Tuesday, June 11, 2013

Straight From the Spam.

Here's another round of Straight From the Spam, the exceptionally infrequent series where I delve into my Gmail spam folder and find out what the World of Spamhas to offer me. 

First up is abubakar.hasina707 from Egypt who is an old dear friend of mine that I've never met or heard of and he is currently requesting some money to assist with the current turmoil in Egypt. He must really need money since he has now emailed twice. He says I will profit by about 13% from this by giving him 250,000 USD. I'm not sure how I can profit from this, but I don't like the idea of profiting from war, so sorry Mr Hasina, but straight to the delete file for you. 


Enlarge with Free trials is telling me that Jamie Lynn is a bigger slut than Britney. I don't know why Enlarge is telling me this, but none the less, that's useful information if you happen to meet Jamie Lynn I guess. 


Mr Jan Eliasson is requesting I get in touch with Mr Mathew Thompson so I can organise the delivery of my Mastercard ATM. I had no idea that Mastercard had ATM's, but I wouldn't mind an ATM. I may respond to Jan and see what deals they can do for a Dawson's Garden Centre token card holder.


Enlargement pills Promo is also letting me know about Oprah's top ten things to wear. I think they've gotten their market wrong because Oprah is not going to help anybody get enlarged at all. Maybe that's why you need the Enlargment pills? I'm not sure. I don't care what Oprah suggests I wear. She needs to focus on her TV station more. Or becoming Australia's Prime Minister. Or something. I don't care. I wonder if her vijayjay is still painin? 
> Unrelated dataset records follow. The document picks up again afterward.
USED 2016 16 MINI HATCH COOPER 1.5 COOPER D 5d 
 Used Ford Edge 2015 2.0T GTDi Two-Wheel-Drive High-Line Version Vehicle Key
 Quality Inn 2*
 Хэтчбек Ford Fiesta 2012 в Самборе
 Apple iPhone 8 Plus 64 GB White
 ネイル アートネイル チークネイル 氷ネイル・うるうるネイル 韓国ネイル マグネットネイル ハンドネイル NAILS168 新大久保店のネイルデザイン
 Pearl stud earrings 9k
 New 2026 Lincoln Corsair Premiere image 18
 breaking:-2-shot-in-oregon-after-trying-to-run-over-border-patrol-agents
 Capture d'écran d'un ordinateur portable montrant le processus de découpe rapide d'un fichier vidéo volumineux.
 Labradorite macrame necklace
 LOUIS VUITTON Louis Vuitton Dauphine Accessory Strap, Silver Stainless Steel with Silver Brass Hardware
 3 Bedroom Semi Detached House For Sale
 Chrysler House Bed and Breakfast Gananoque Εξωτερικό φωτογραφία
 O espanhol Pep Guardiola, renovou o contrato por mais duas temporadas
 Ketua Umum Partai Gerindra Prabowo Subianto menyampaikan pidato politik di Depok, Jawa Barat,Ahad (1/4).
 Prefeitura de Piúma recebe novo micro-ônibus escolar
Vincent has sent me an email that is a cry for help. This one is actually quite sad. Vincent is going to commit suicide soon even though he is a great believer in Christ, he can't deal with life anymore and wants to end it all. As a way to buy back Christ's love after he has committed suicide, he wants to give everyone in the world his money. Lucky for me he has sent and aside 40% of his total wealth. First of all though, I have to send Vincent $5000 to confirm that my bank account works. I remember the good old days when you could just send eBay $1 and they'd verify your account and then refund that $1. Man inflation sucks. 

Finally, there is an email from Fandango. They say, Take Your Man of Steel to the Movie's this week. I think this one slipped my regular mail, but regardless, I wonder how many single women in America accidentally turned up at the movies that week with their 'man of steel'. 

Til next time, Spambox Emptied!


2 comments:

Anonymous said...

This is one of the greatest things I've ever read

Enid said...

Your post inspired me to shake off the shackles of the working day and delve into my SPAM box. As is the case with most things in our life, your box is far more interesting.

All mine is filled with are "livingsocial deals" and reminders that I can get 30% of ladies plus sized clothing, with free internation delivery. Thank god! cause us fatties don't like waiting.